Starting with the line that contains "China’s management of" and ending with the last line of the listing, print each line exactly. Pictures stay out.

__DATA PROVIDED__.
--- START ---

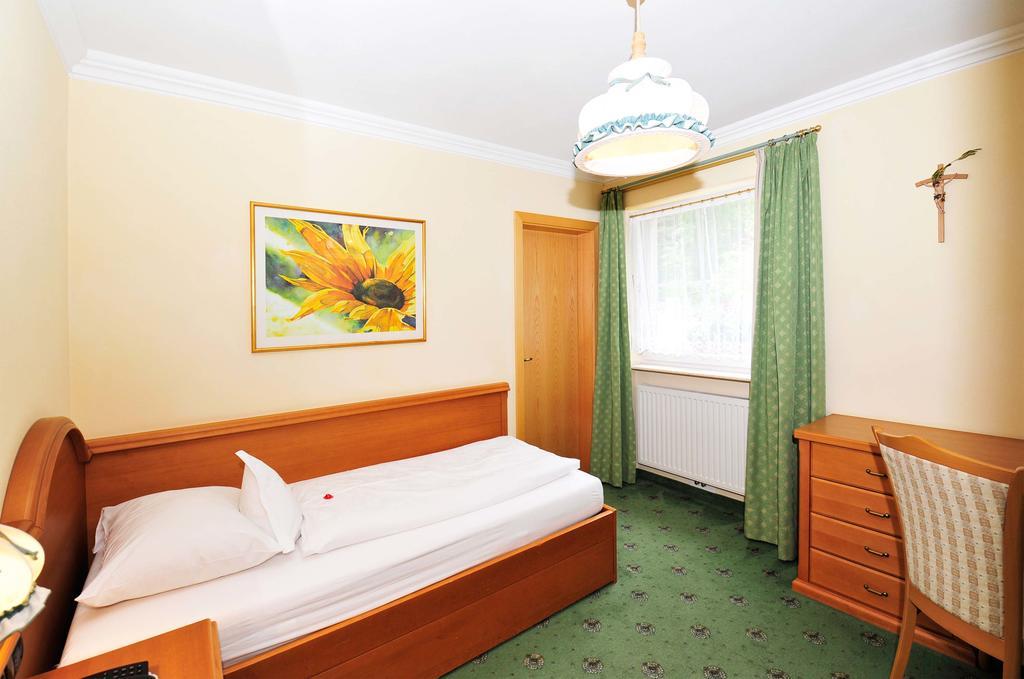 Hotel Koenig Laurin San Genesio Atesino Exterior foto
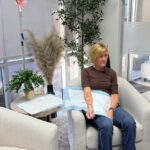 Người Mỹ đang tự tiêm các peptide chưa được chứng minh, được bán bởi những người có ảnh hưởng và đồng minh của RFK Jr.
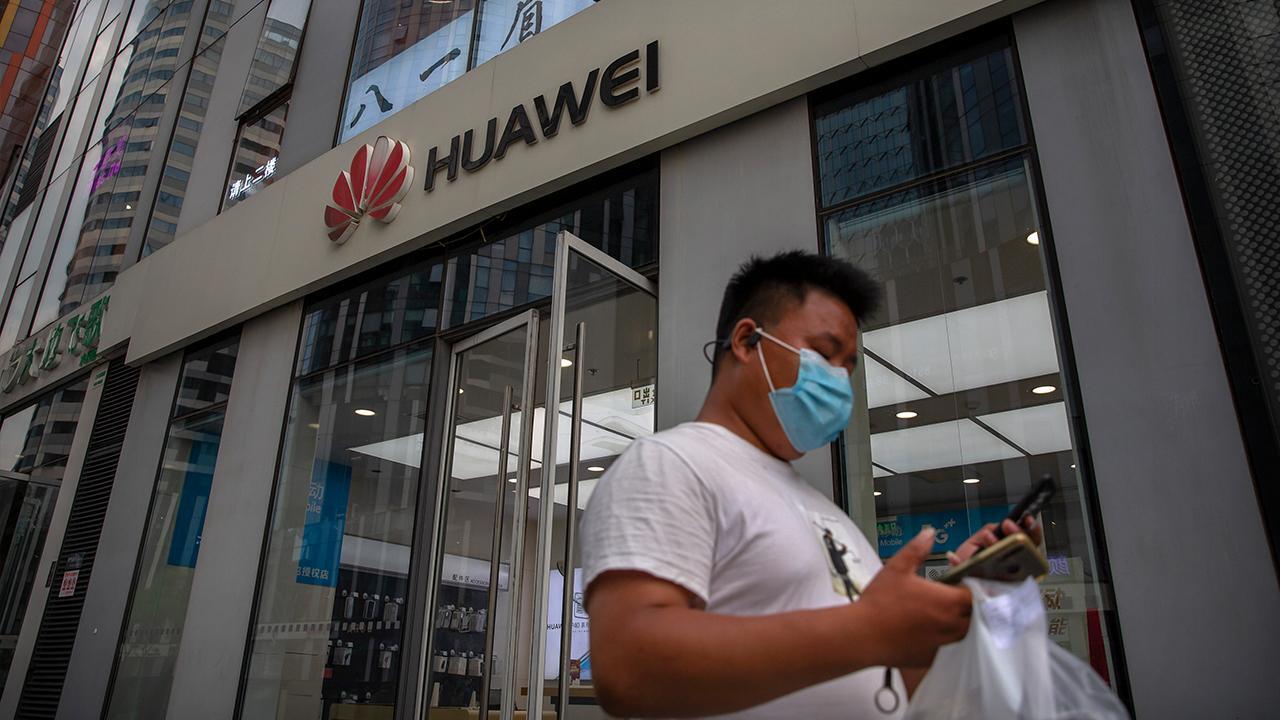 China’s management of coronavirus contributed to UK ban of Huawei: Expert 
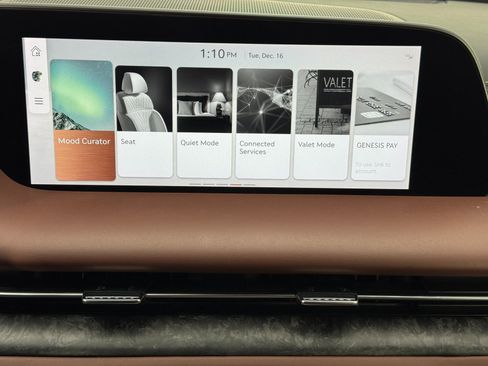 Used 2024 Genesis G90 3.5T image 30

--- END ---

__SOLUTION__.
 China’s management of coronavirus contributed to UK ban of Huawei: Expert 
 Used 2024 Genesis G90 3.5T image 30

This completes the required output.